---------- Excerpted records
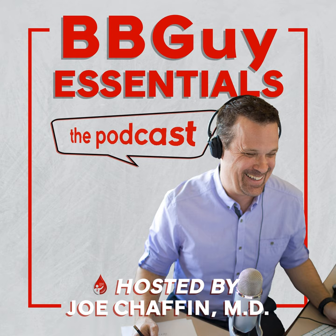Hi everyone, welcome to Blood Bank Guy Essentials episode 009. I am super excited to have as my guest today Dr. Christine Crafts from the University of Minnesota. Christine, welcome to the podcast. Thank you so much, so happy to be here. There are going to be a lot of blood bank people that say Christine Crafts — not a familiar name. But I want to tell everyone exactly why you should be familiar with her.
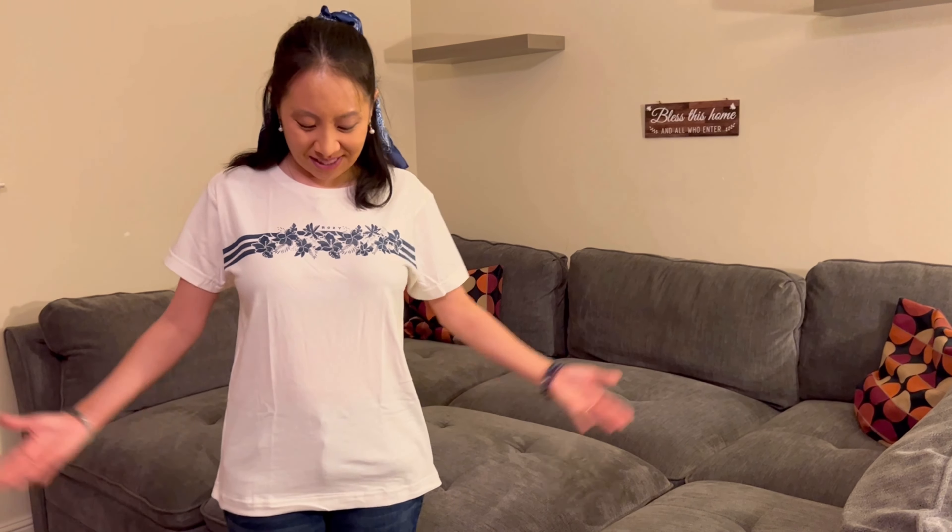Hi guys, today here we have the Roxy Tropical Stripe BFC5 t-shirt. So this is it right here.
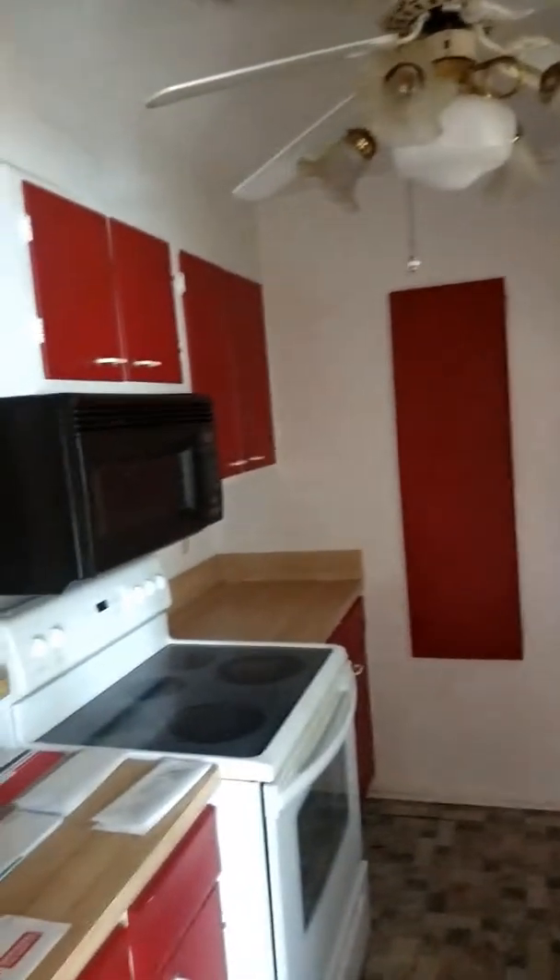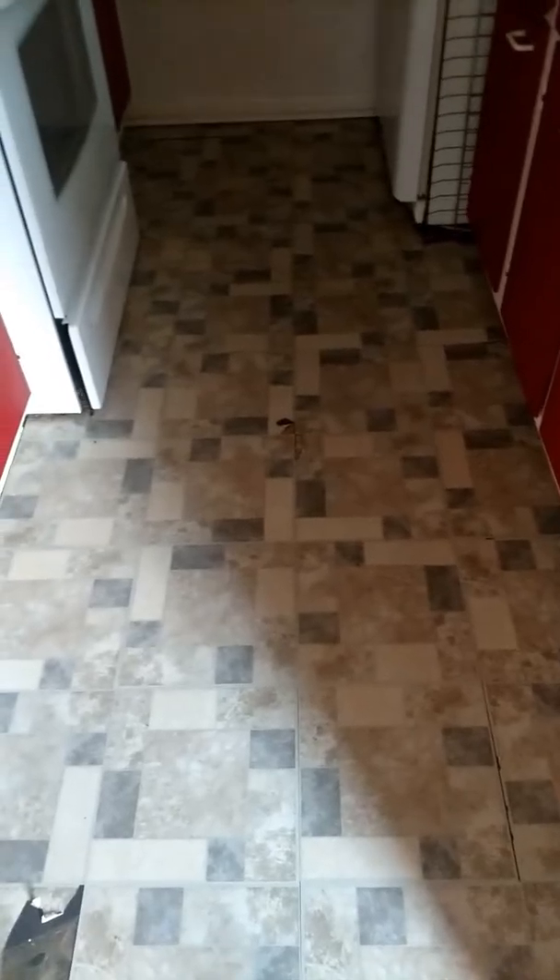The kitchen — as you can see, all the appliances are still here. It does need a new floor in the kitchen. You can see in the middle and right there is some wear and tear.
--------------------
---------- Excerpted records
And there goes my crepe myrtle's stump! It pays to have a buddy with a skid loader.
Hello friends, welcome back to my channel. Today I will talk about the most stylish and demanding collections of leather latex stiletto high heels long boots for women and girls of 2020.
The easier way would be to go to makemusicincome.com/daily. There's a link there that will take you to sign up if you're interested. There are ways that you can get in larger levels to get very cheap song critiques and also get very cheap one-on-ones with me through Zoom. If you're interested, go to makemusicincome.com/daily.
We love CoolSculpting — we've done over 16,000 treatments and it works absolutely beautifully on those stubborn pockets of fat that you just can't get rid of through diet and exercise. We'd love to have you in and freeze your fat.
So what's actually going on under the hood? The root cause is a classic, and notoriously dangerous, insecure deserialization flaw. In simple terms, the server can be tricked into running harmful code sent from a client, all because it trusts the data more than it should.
--------------------
Set the pictures aside and retype exactly the lines above from the line with "Hi guys, today" to the line with "The kitchen —", both included, adding no others.

Hi guys, today here we have the Roxy Tropical Stripe BFC5 t-shirt. So this is it right here.
The kitchen — as you can see, all the appliances are still here. It does need a new floor in the kitchen. You can see in the middle and right there is some wear and tear.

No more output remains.